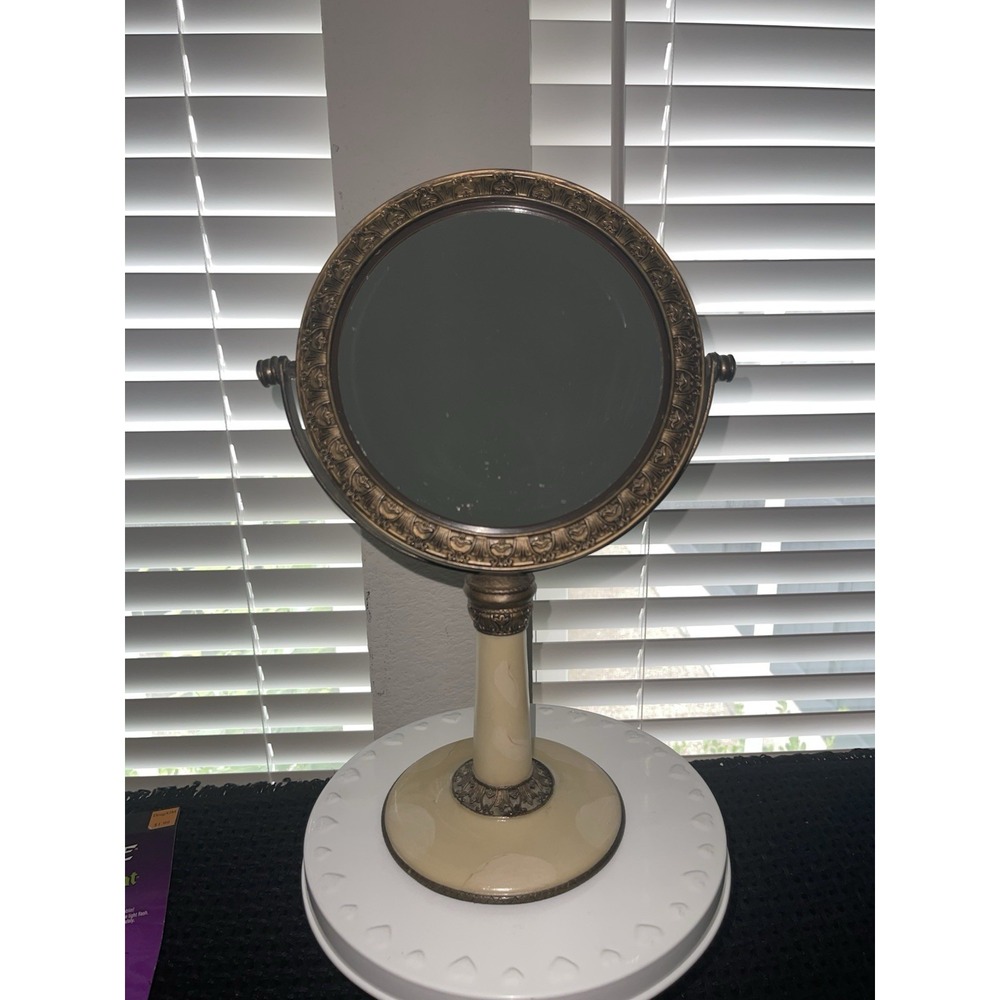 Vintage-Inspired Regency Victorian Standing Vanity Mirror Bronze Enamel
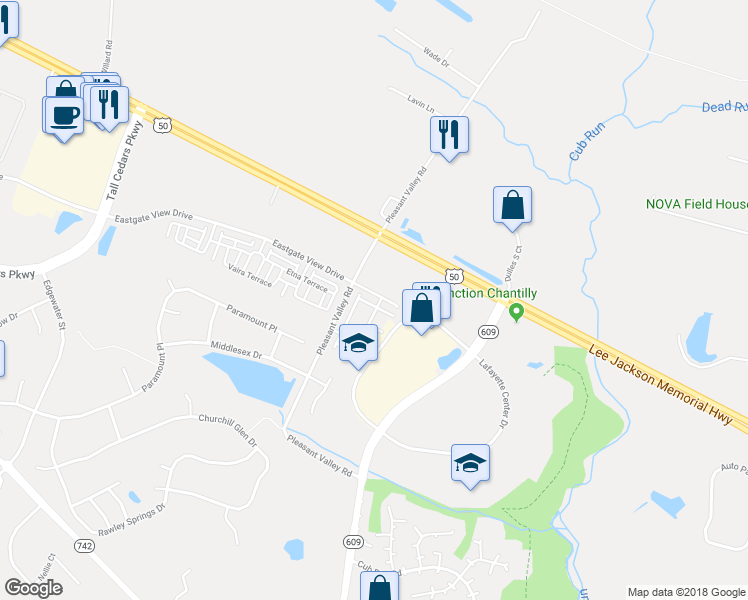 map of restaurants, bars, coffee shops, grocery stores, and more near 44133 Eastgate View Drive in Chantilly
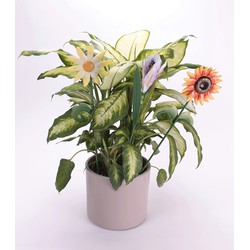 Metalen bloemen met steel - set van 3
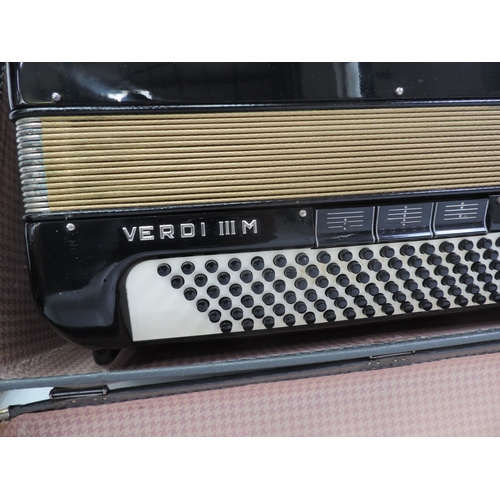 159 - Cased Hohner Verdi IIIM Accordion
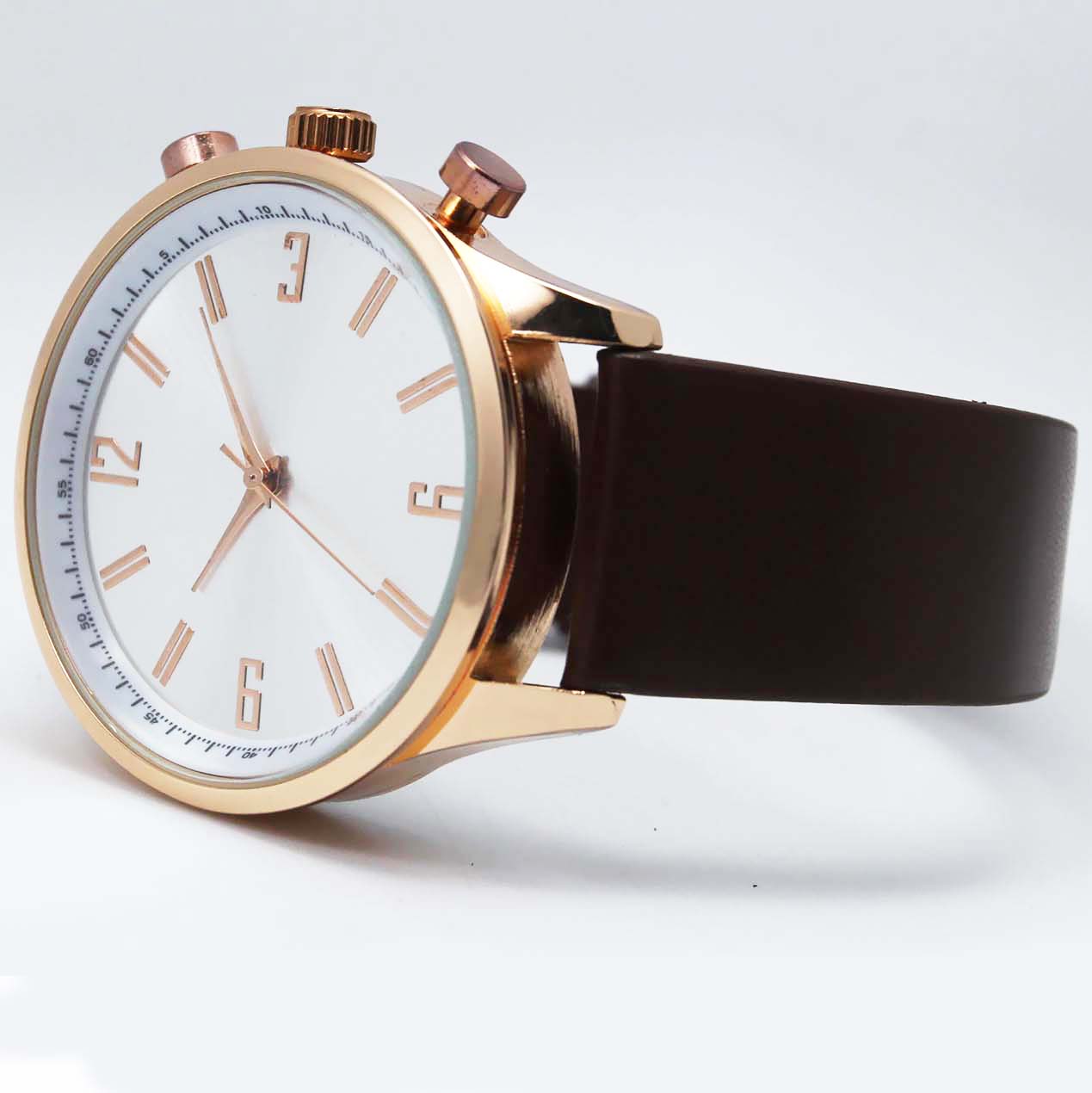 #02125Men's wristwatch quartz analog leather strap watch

——————————

Requirement:
Transcribe exactly the lines from the one containing "Metalen bloemen met steel - set van 3" through the last line of the records above, and nothing else. Leave out the pictures.

Finished exercise:
 Metalen bloemen met steel - set van 3
 159 - Cased Hohner Verdi IIIM Accordion
 #02125Men's wristwatch quartz analog leather strap watch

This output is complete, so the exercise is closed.